Everyone Loves a Good Mystery
Mystery author Agatha Christie is the best-selling writer in the history of writing, having sold over 4 billion copies to date. Her play The Mousetrap opened in London in 1952 and is still running after 25,000 performances.
You too can be a part of this rich genre. Mystery is central to human thinking. What happened and why? This is the core idea to most great novels.
But let’s start small. Hone your skill with short mystery stories less than ten pages in length. Then consider tackling your own novel.
#1 – Start with the Ending
Initially, spend all of your time crafting the finish. Your story will be no good if it doesn’t end with a wham. Every word and paragraph leading up to the finale will be for nothing if you don’t leave the reader wowed.
Your conclusion must be surprising. Like a good roller coaster, it should make your readers lean in one direction and then whip them around. So think about the unexpected. Ask essential questions about your crime and criminal.
- What is creative and devious about the crime?
- Who did it?
- What is the motive?
- What is the method?
- Why is it surprising that your criminal did it?
- Who is the obvious (and false) guilty party?
Envision your final scene. Your sleuth discovers and reveals the last clues in a dramatic and entertaining fashion. Your criminal is exposed. The metaphorical curtain drops and the crowd applauds. Hearts should be pumping.
If you can’t feel this concluding moment and aren’t excited to get there, get back to work on until you have a finish line worth crossing.
Once you have your finale, build your fictional machinery to carry your readers there.
#2 – Your Sleuth
Sir Arthur Conan Doyle had Sherlock Holmes. Agatha Christie had Miss Marple and Hercule Poirot. You need a lead character to build around. Craft one right and readers will want to read the next adventure.
Free-write on every aspect of your character. The sleuth will flavor the entire story, so know the person well.
- Are they a professional investigator or an amateur in the right (or wrong) place and time?
- How do they dress? How do they move? How does this reveal the person underneath? Give them a signature style.
- What is their method of investigation? Do they interview and ask lots of questions? Are they a quiet observer with sharp intuition?
- Are they like you? Imagining yourself as the hero of your story can be great fun, but so can channeling a very different character.
- How do they talk? Write a conversation for them and develop a unique form.

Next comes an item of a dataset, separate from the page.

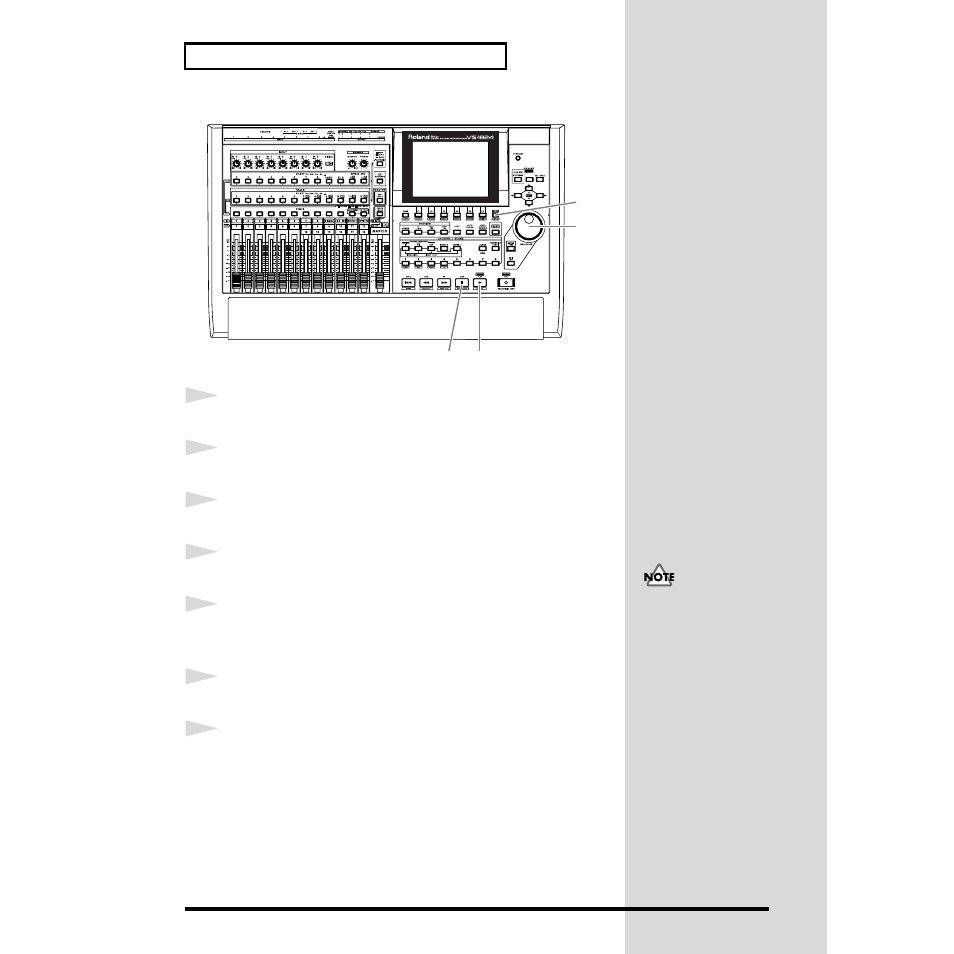 Roland VS-1824 User Manual | Page 58 / 140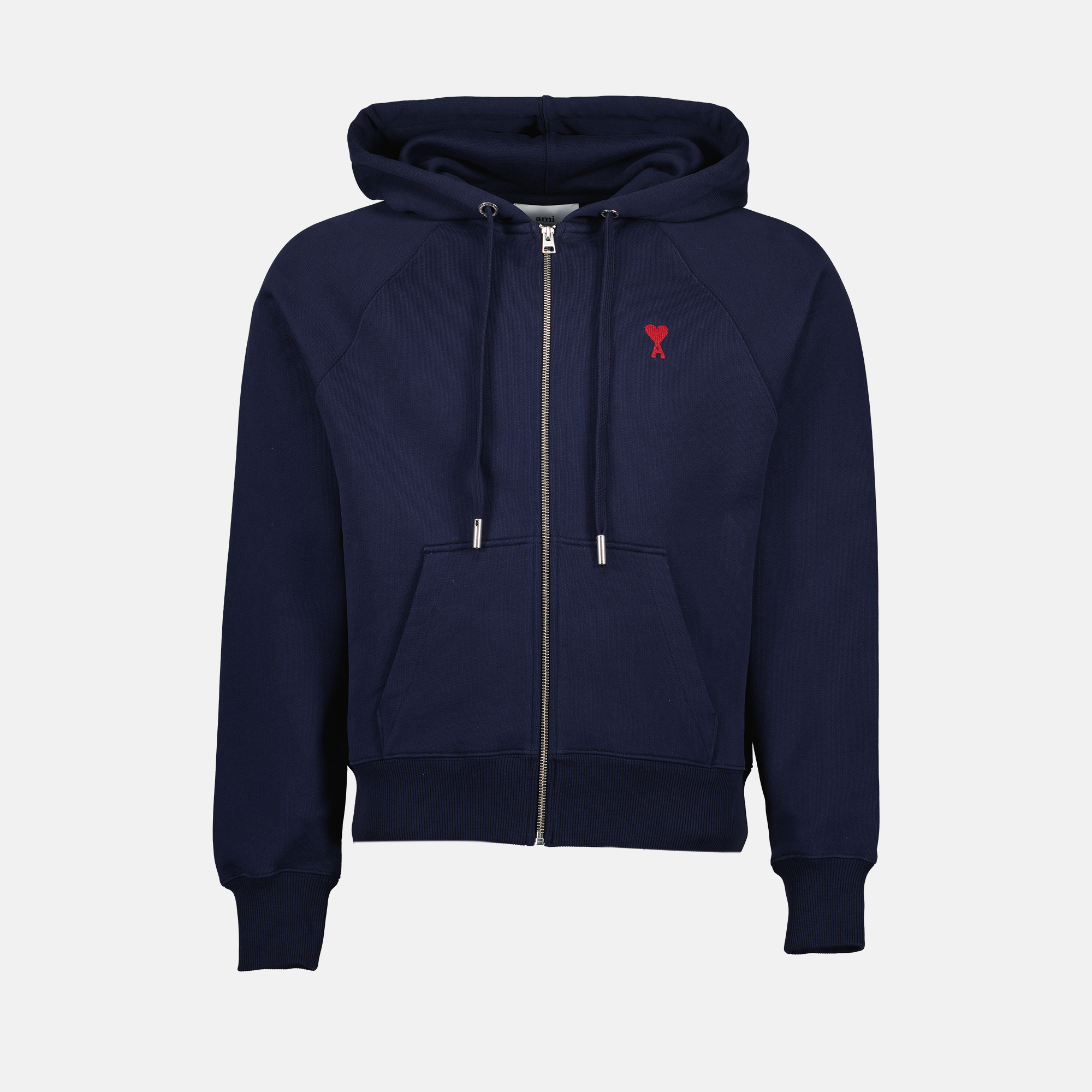 Sudadera con cremallera Ami de Coeur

Write an inner dialogue and understand how they think.
- Do you want to use first or third person narration?
You may want a super-intelligent, physically gifted wonder-detective, but be sure to have a character with balance. A perfect person with no flaws is tough for readers to relate to. A human with weaknesses and foibles will gain more empathy. A signature wrinkle, like being distracted by sweets or overly trustful of children, will give you a lovable and entertaining lead character.
#3 – The Clues
Looking again at the conclusion of your story, compose a list of clues for you sleuth and reader to discover. Consider the order of discovery. What is the final clue that ties it all together? What clues are meaningless alone, but together with the other items becomes important? Show the readers something early that they won’t take note of. Then, when another element of your mystery is revealed, that something becomes a big thing and it was right there all along.
If you have an imperfect sleuth, he or she might have overlooked something the reader did see. Then your reader watches the sleuth proceed in the wrong direction. You can also do the opposite: have the sleuth two steps ahead of the reader. Your audience is wondering what your investigator is up to before realizing the truth.
Be sure to lay out some false clues. This will help you draw your reader and sleuth in the wrong direction so you can surprise them in the end. Make them feel foolish for following a false lead. Make a trail that leads to the wrong culprit, the obvious choice, and then drop a clue showing why the person is innocent or even framed.
#4 – The Setting
Every element of your story should contribute to your theme. Begin with the place. City or country? A mystery in a crowded metropolis must deal with a multitude of potential witnesses and suspects. One taking place in a less populated area has fewer possibilities, but greater interaction among the people. Everyone knows everyone in a small town.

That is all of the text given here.